On a hillside on the east coast of Sicily and close to Mount Etna is the beautiful town of Taormina.
Because of its beauty Taormina was once a stop on the Grand Tour taken by young aristocrats in the nineteenth century. A rich city under the Greeks and then the Romans it was conquered by the Normans and fell into decline. The main street – Corso Umberto is full of luxury boutiques, coffee shops and ice cream and is a lovely walk but it’s most famous for its Teatro Antico di Taormina, the Greco-Roman theatre. Carved out of Mount Tauro in a horse shoe shape above the bay of Naxos it seats 5,000 people for concerts and plays. Once the works of Sophocles and Euripides were shown but now there are fashion shows and pop concerts. The spectacular views on a good day (most days) are outstanding.
Palermo and Monreale
Palermo was founded by the Phoenicians and once called Ziz, a much better name I think! Its famous for its markets full of fresh fruit and vegetables and fish.
Nearby is Monreale with its famous cathedral and abbey.

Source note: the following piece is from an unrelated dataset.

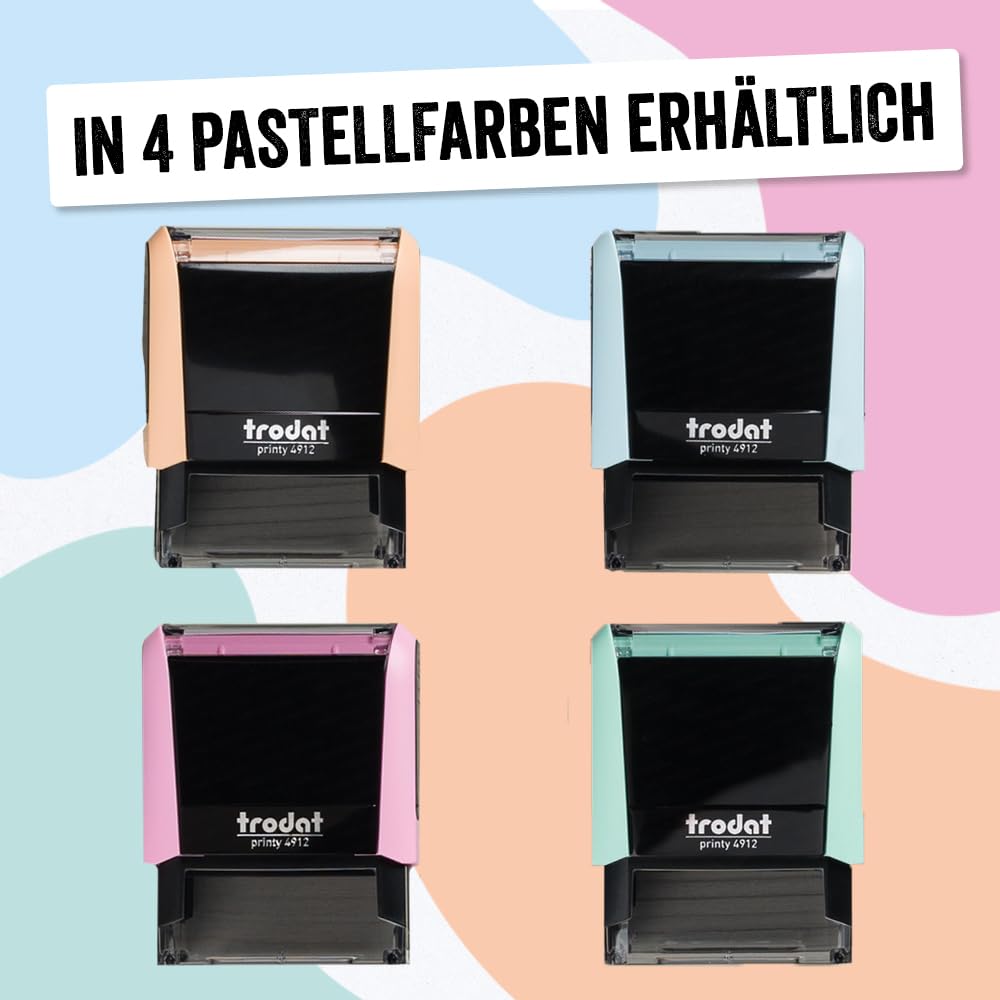 Trodat Printy 4912 Stempelset in Pastell Grün zum Selbersetzen - 4 Textzeilen, Abdruck 47x18 mm, Deutsch, inkl. Pinzette, Stempelkissen schwarz & Buchstaben- und Zahlenset in zwei Größen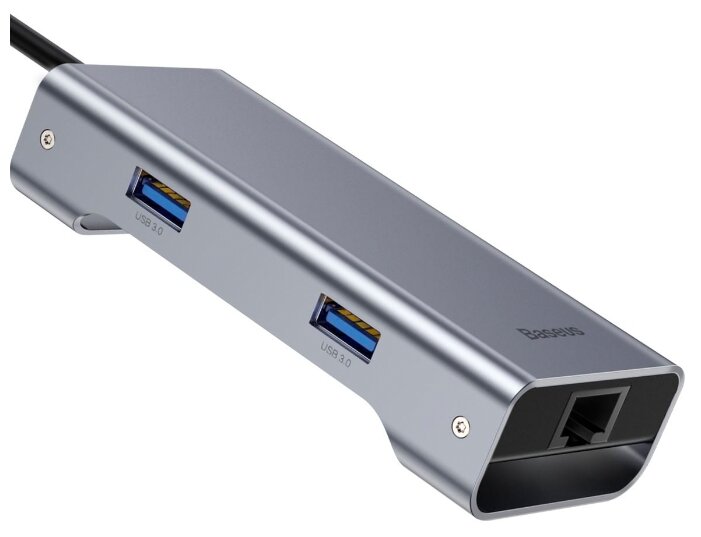 USB-концентратор Baseus Multi-functional HUB Type-C - 2xUSB/HDMI/Type-C/RJ45 (CATXF-0G), разъемов: 3 (фото modal 3)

Christ Pantocrator (Almighty) in the apse of Monreale cathedral. Made with pure gold this is one of the most beautiful and spectacular churches anywhere.
The Benedictine Abbey is attached to the cathedral . The cloister court is the only part left standing. There are twenty six arches on each side supported by two hundred and twenty eight columns. Theses are all decorated with either mosaics or carving.
We had a view of Etna from our hotel as it gently shot red sparks into the night sky. Its one of the most active strato volcanoes and the highest in Europe so its common to see some activity. Its closely monitored and often closed to visitors so we were lucky to have the best of both worlds, able to climb the volcano and see it in action. Etna is 3326 metres high but changes with every eruption from the four summit craters. The Silvestri craters were formed by the 1892 eruption but are no longer active. This is a good place to walk across the lava and explore in safety.